Volapük was the first international language to achieve any noticeable success. A German Catholic priest called Johann Martin Schleyer (rhymes with “higher”) devised it on a sleepless night in 1879, attributing the idea to divine inspiration. He published the following year. According to Charles E. Sprague’s Hand-book of Volapük, written in late 1887:

For some time after Schleyer’s grammar, his adherents were few, and his project was ignored by the scientific and literary world. It spread first to Austria where it awakened considerable interest, and where the first society for its propagation was formed at Vienna in 1882. Until 1884 its adherents outside of the German-speaking countries were very few and scattered. In that year it invaded Holland and Belgium, and a great many societies sprang up in those countries.

And indeed in 1884 there were enough speakers to hold a world congress, known as a General Assembly (Lasam Valemik) in Friedrichshafen, near Schleyer’s home.

The second such assembly took place in Munich in 1887 – around a month after the publication of the first book about Esperanto. The Munich event founded a General Association for Volapük enthusiasts (the Volapükaklub Valemik), a central magazine (the Volapükabled Zenodik, which was Schleyer’s own Weltspracheblatt renamed) and the International Volapük Academy (Kadem Bevünetik Volapüka), whose task would be to maintain the dictionary and grammar, authorising new words, reviewing any proposed changes and approving textbooks.

By 1889, textbooks were available in no less than 25 languages, there were over a thousand accredited teachers of the language, and a third General Assembly gathered in Paris, this time – according to André Cherpillod – speaking only Volapük. But many people keen on the language were now starting to notice Esperanto and switching their allegiance to the newcomer, or trying to create their own mash-ups of the two, and the Volapük movement soon slowed to a crawl.

It’s curious to think that if Zamenhof hadn’t published Esperanto when he did, Volapük’s popularity might have continued to increase and this blog might be called Volapük Connected… But would that have been a good thing? Which is the better language: Volapük or Esperanto? Which is easier to learn, easier to understand, easier to use?

Let’s start with the alphabet. Esperanto has often been criticised for its six special letters ĉ ĝ ĥ ĵ ŝ ŭ, albeit maybe less so now than in the days of typewriters and early computers. Volapük likewise uses the Latin alphabet, with no q or w, but adding three umlauted vowels ä ö ü, pronounced as in German.

Although these were available to printing houses of the time, Schleyer proposed entirely new forms for them (ꞛ ꞝ ꞟ). These easily confusable unique letter shapes never gained much traction, but they now form part of the Unicode character standard, which is why you can see them here – and if you can’t see them here, have a look at the picture at the start of this article, where Schleyer’s forms of Ä Ö Ü and ä ö ü are shown in the lower corners.

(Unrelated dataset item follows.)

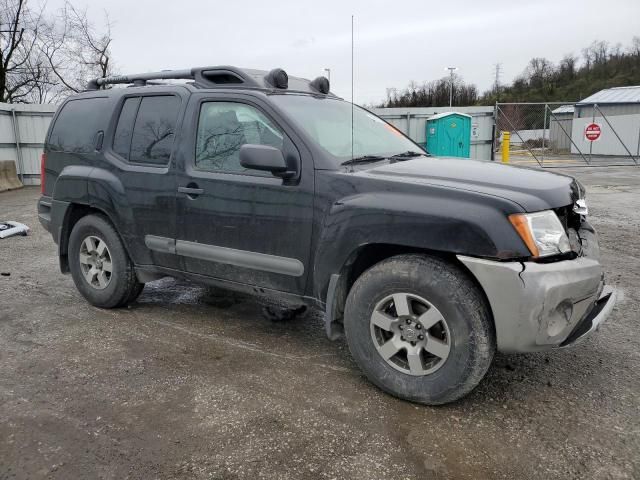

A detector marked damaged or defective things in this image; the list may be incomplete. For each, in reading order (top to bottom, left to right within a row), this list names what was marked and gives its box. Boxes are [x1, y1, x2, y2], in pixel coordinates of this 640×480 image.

front bumper damage [458, 229, 616, 352]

Just as ĉar follows citi in Esperanto dictionaries, so Volapük treats its ä, ö and ü as independent letters positioned after the unaccented a, o and u in alphabetical order. Zun “anger” thus appears before züd “acid” in a Volapük dictionary.

Both Esperanto and Volapük have very straightforward rules for determining which syllable of a word is to be stressed: in Esperanto it’s the penultimate syllable (rivero), while in Volapük it’s the final one – even if this contains nothing but a grammatical ending. Thus the slogan in the picture, which means “To one human race, one language”, is pronounced menade bal, püki bal. The Esperanto system seems preferable here.

This talk of the slogan brings us to the grammar of nouns, which have four cases, distinguished by final vowel: the accusative ends in -i (püki “language”); the dative (denoting recipients and the like) ends in -e (menade “to the human race”); the genitive ends in -a (vola “of the world”), even in compound words like Volapük “World[’s] Language”; and the plain old nominative has no ending. Esperanto gets away with only two cases, although its accusative has several miscellaneous uses that may be difficult to master.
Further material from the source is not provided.